[SOURCE DATA Boundary: Start]

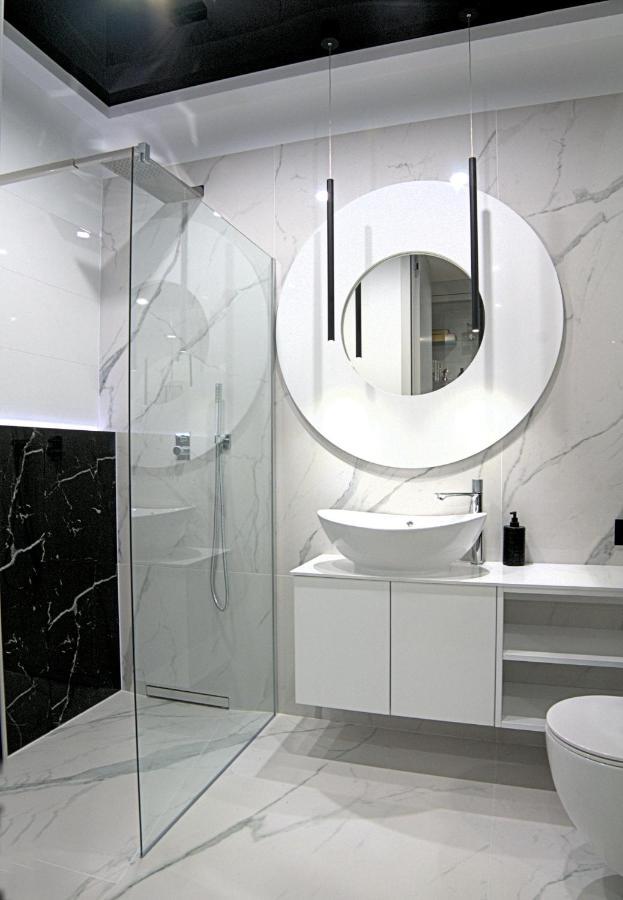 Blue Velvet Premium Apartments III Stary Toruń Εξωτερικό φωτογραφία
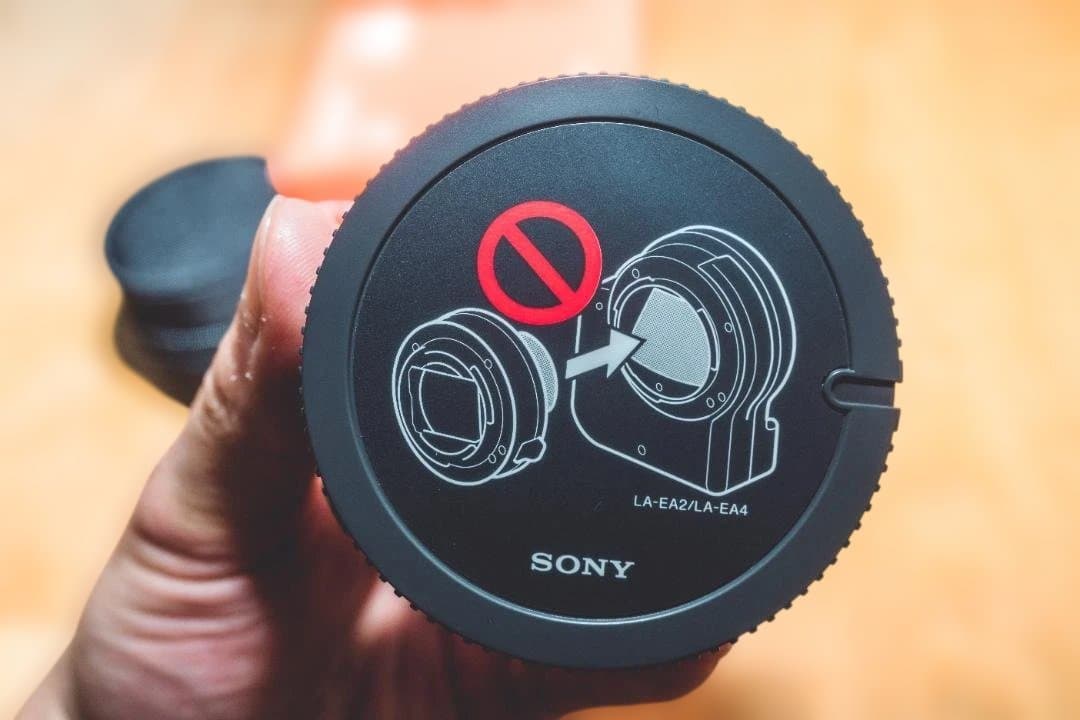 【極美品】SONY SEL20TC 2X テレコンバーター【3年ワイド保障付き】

[SOURCE DATA Boundary: End]
[SOURCE DATA Boundary: Start]

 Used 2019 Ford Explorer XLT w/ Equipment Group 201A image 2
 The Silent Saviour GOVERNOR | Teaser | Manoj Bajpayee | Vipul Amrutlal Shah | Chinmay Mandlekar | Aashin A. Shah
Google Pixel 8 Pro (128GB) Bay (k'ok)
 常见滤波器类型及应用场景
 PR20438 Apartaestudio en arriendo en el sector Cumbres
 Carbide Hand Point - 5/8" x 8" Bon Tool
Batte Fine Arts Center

[SOURCE DATA Boundary: End]
[SOURCE DATA Boundary: Start]

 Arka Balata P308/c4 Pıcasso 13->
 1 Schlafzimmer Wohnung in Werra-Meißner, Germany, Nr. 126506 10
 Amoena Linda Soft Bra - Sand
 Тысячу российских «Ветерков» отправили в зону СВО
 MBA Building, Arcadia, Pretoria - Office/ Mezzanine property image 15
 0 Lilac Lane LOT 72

[SOURCE DATA Boundary: End]

### TASK DIRECTIONS
Restate word for word the entries above, starting at the line with "常见滤波器类型及应用场景" and ending at the line with "Batte Fine Arts Center", inclusive, and no others.

### RESULT
 常见滤波器类型及应用场景
 PR20438 Apartaestudio en arriendo en el sector Cumbres
 Carbide Hand Point - 5/8" x 8" Bon Tool
Batte Fine Arts Center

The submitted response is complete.